*EXERCISE DESCRIPTION*.
Return the full listing unchanged, excluding any images it contains.

*DATA SECTION*.
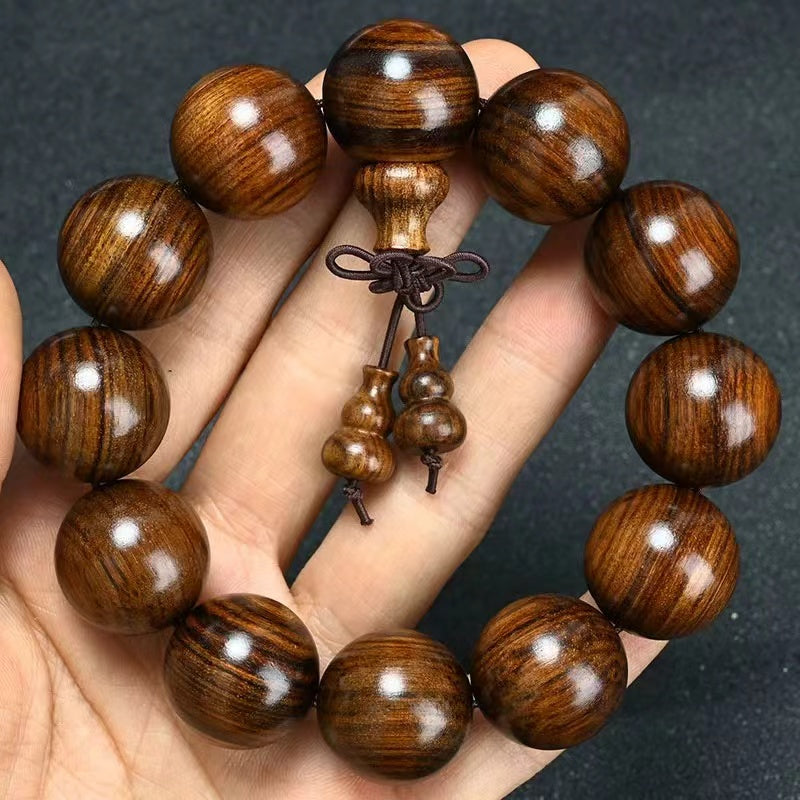 Fengshui Taoism Golden Sandalwood Bracelet - Natural Fragrance, Protection, Spiritual Enhancement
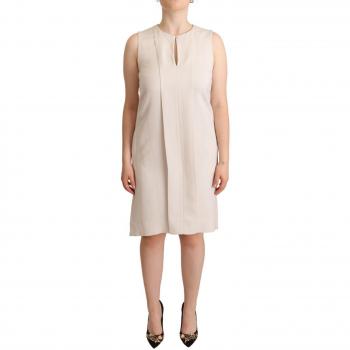 Abito lungo a trapezio beige, senza maniche, scollatura rotonda, ginocchio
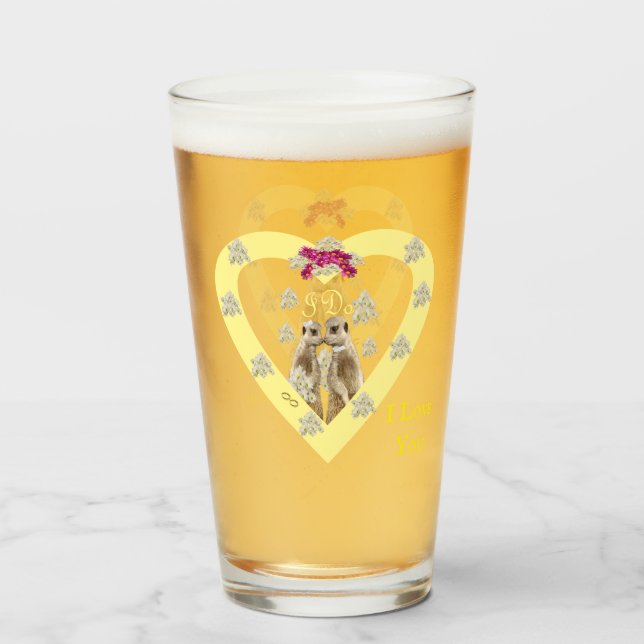Meerkat Wedding Day, Glass (Front Filled)
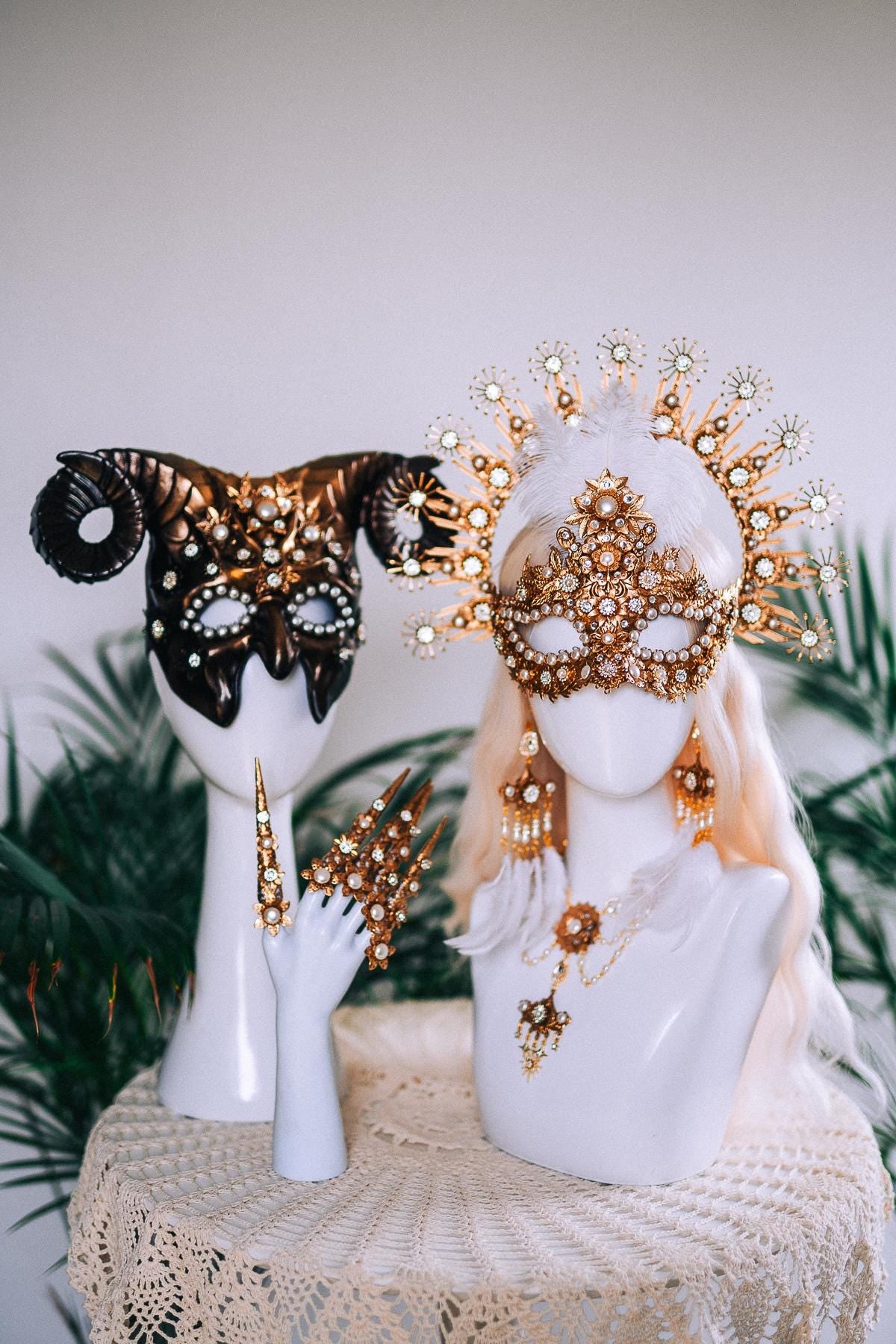 Golden Masquerade Earrings With Pearls Luxury Statement Jewelry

*WORKED SOLUTION*.
 Fengshui Taoism Golden Sandalwood Bracelet - Natural Fragrance, Protection, Spiritual Enhancement
 Abito lungo a trapezio beige, senza maniche, scollatura rotonda, ginocchio
Meerkat Wedding Day, Glass (Front Filled)
 Golden Masquerade Earrings With Pearls Luxury Statement Jewelry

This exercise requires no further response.